▶ **PROBLEM REQUIREMENTS**
Reproduce the listing below from the line with "Flytec 2023 2.4GHz" to the line with "Jóvenes italianos en el Jubileo", both lines included, character for character, minus any pictures.

▶ **SUPPLIED RECORDS**
******************************

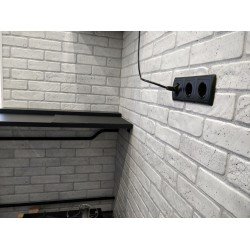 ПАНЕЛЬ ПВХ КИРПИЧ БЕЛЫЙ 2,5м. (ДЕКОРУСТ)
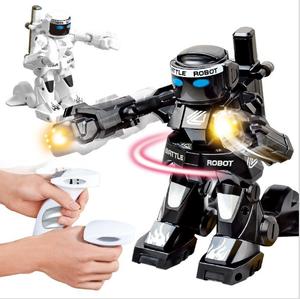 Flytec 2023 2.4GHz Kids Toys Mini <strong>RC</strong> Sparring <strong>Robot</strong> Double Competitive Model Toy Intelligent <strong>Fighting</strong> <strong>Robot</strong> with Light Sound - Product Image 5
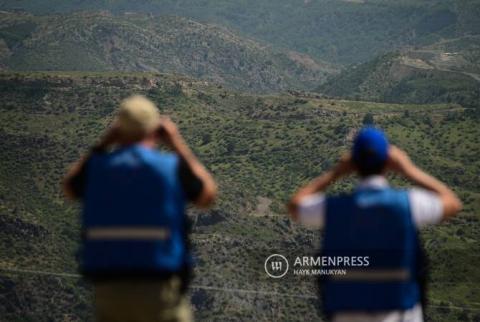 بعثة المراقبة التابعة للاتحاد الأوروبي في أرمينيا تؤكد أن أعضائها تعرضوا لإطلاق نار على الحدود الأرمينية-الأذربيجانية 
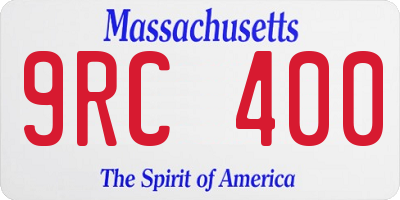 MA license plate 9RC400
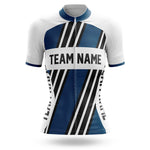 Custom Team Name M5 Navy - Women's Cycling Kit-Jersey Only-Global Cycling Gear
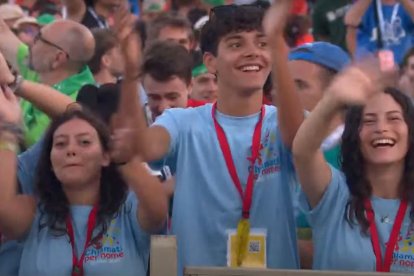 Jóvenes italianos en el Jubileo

******************************

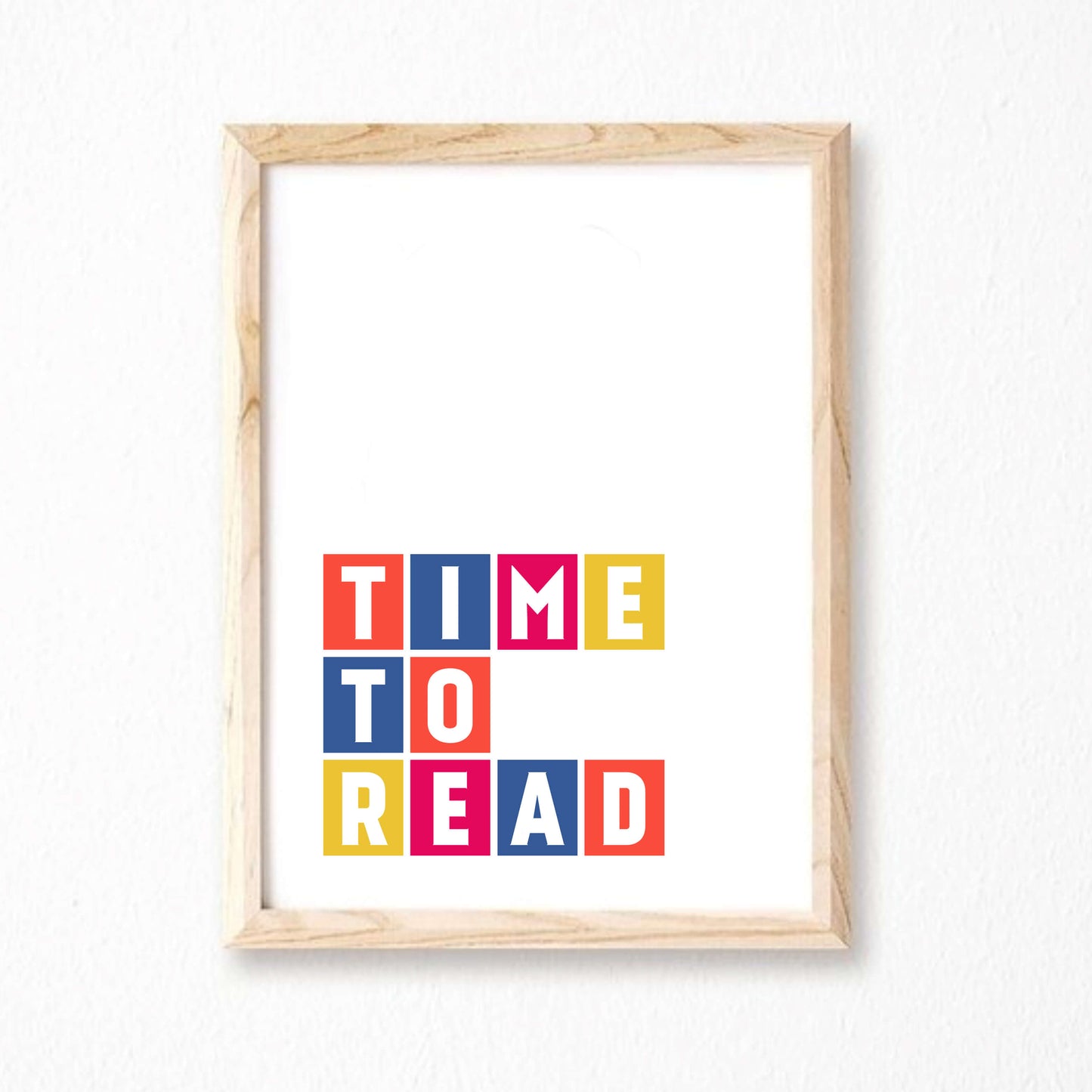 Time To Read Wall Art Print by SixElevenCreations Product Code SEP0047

******************************

▶ **EXERCISE ANSWER**
 Flytec 2023 2.4GHz Kids Toys Mini <strong>RC</strong> Sparring <strong>Robot</strong> Double Competitive Model Toy Intelligent <strong>Fighting</strong> <strong>Robot</strong> with Light Sound - Product Image 5
 بعثة المراقبة التابعة للاتحاد الأوروبي في أرمينيا تؤكد أن أعضائها تعرضوا لإطلاق نار على الحدود الأرمينية-الأذربيجانية 
 MA license plate 9RC400
 Custom Team Name M5 Navy - Women's Cycling Kit-Jersey Only-Global Cycling Gear
 Jóvenes italianos en el Jubileo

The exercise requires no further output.